BERITA TERKINI
Hoang Quyen Cerita Proses Album “River”: Rekaman Analog di Prancis dan Cara Bernyanyi yang Lebih Lembut

Hoang Quyen Cerita Proses Album “River”: Rekaman Analog di Prancis dan Cara Bernyanyi yang Lebih Lembut

Penyanyi Vietnam Hoang Quyen merilis album “River” yang ia sebut sebagai penanda fase baru dalam perjalanan bermusiknya. Dalam wawancara, Quyen mengatakan “River” bukan sekadar judul album, melainkan simbol siklus kelahiran kembali dan aliran kehidupan—seperti sungai yang akhirnya menuju laut besar.

Setelah album debut berisi karya cipta sendiri, “A Diary of Melody,” Quyen merasa proses kreatifnya semakin matang. Ia menyebut delapan komposisi baru dalam “River” sebagai refleksi lembut tentang kehidupan dan perjalanan yang telah ia “saring” melalui perenungan yang tenang.

Quyen juga menceritakan pengalamannya bekerja bersama kolaborator internasional di Prancis di bawah bimbingan direktur musik Jean-Sébastien. Di sana, ia merasakan lingkungan artistik yang ia nilai ideal, termasuk dukungan dari pemilik studio yang mengizinkan timnya tinggal tanpa biaya karena menghargai semangat mereka terhadap profesi.
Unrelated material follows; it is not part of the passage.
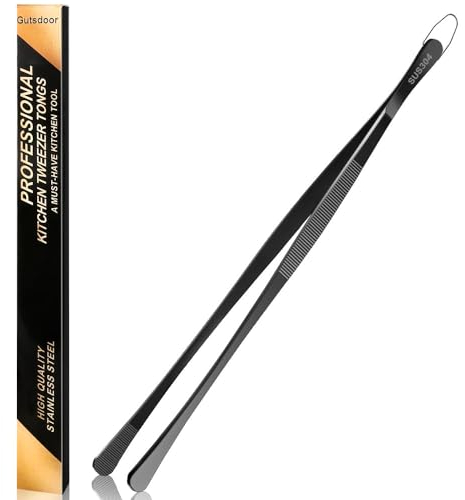 Gutsdoor Pinzette da cucina in acciaio inox, pinze per alimenti, per cucinare, pasta, barbecue, cottura (nero con punta larga)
Menurut Quyen, tujuannya adalah mempertemukan melodi dan bahasa Vietnam dengan musik internasional secara alami dan profesional. Ia menekankan bahwa keindahan musik, bagi dirinya, terletak pada keaslian. Ia memaknai “kemewahan” bukan dari sisi harga, melainkan kualitas audio hi-end yang abadi.
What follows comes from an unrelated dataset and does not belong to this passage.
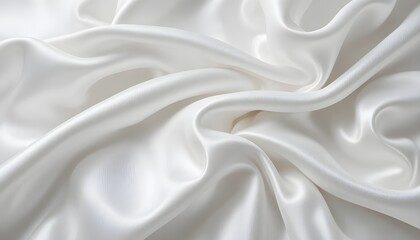 Luxurious White Silk Fabric Texture Background with Soft Waves and Elegant Satin Folds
Album “River” direkam sepenuhnya secara analog di Prancis untuk menjaga orisinalitas suara. Quyen mengatakan ia tidak mengejar jumlah pendengar atau penonton, melainkan memprioritaskan esensi dan momen koneksi batin antara penyanyi dan pendengar.

Salah satu momen yang paling membekas baginya terjadi saat sesi uji coba rekaman. Ketika mendengarkan hasilnya, Quyen mengaku terkejut dan sempat bertanya kepada teknisi suara, “Apa yang telah Anda lakukan pada suara saya?” Namun teknisi itu menjawab, “Itu suara aslimu!”
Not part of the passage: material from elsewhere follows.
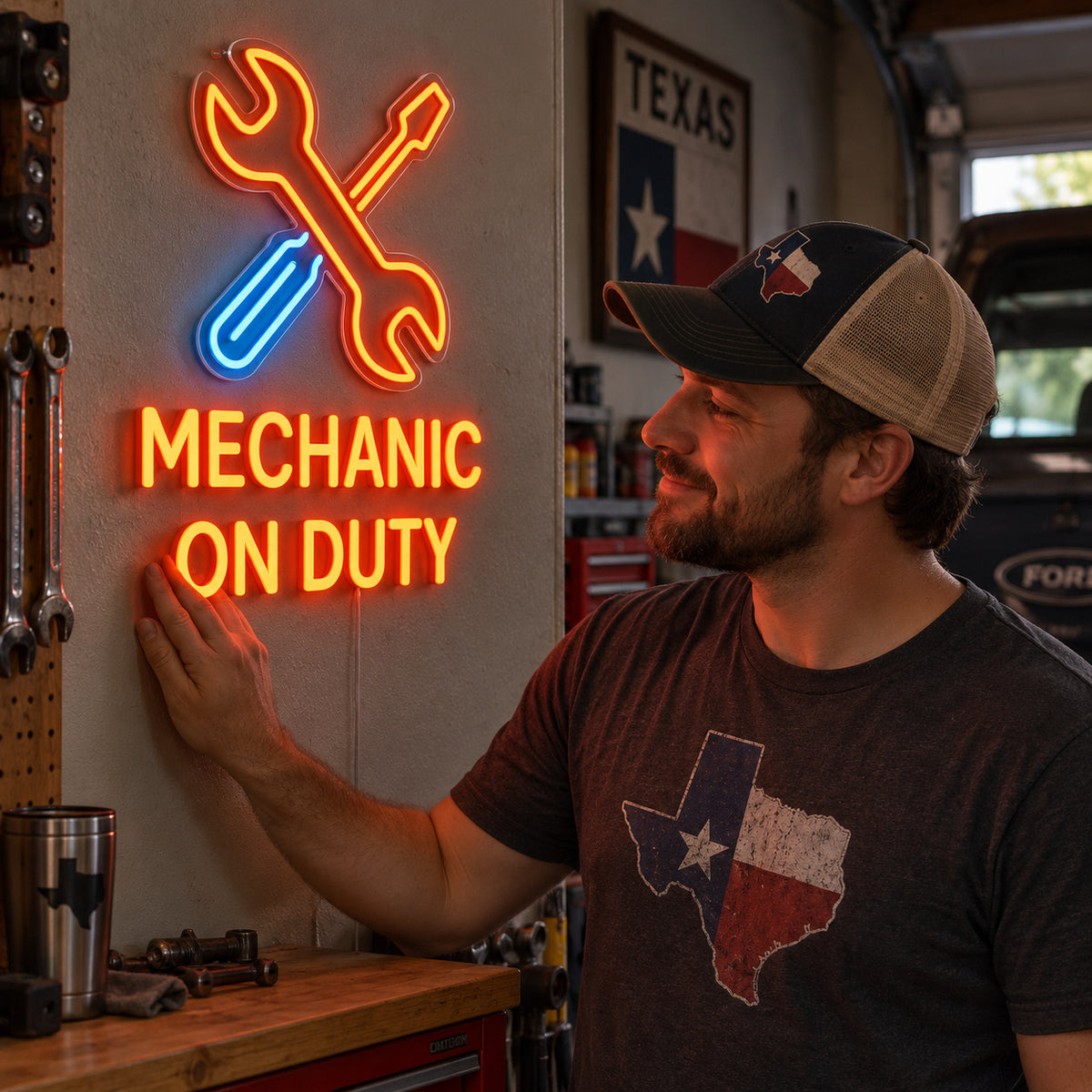 Mechanic On Duty Wrench Screwdriver LED Neon Sign Wall Neon Signs - Human Interaction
Pengalaman tersebut membuatnya sangat terharu. Quyen menggambarkannya seperti seorang anak tuli yang untuk pertama kali mendengar suara ibunya melalui headphone. Ia menilai karakter suara analog membuat vokalnya terdengar hidup secara alami, tanpa tekanan atau kebutuhan untuk memamerkan teknik.

Seiring proses itu, Quyen mengatakan pola pikirnya ikut berubah. Ia belajar bernyanyi lebih lembut—bahkan kadang hanya mengucapkan beberapa kata—namun tetap meninggalkan kesan mendalam. Kini ia berusaha bernyanyi sepenuhnya dengan “jiwa” dalam momen dan ruang tertentu, tanpa beban untuk menunjukkan teknik tertentu kepada pendengar.

Quyen ingin musiknya menjadi percakapan yang halus, seperti teman yang mendengarkan kekhawatiran tulus audiens. Ia juga menyatakan tekad untuk membawa bahasa dan melodi Vietnam ke panggung internasional, seraya menilai dunia saat ini semakin menerima beragam bahasa dan budaya asli. Kolaborasi internasional dalam “River,” menurutnya, baru langkah awal, dan ia menyiapkan diri untuk tantangan yang lebih besar ketika memasuki usia 35 atau 40 tahun.

Di akhir, Quyen menyampaikan harapannya agar musik dapat menjadi benang penghubung cinta yang tulus. Ia berharap ketika pendengar meletakkan jarum pada piringan hitam “River,” setiap orang bisa menemukan ruang tenangnya sendiri, serta merasakan bahwa hidup terus mengalir dan penuh keindahan.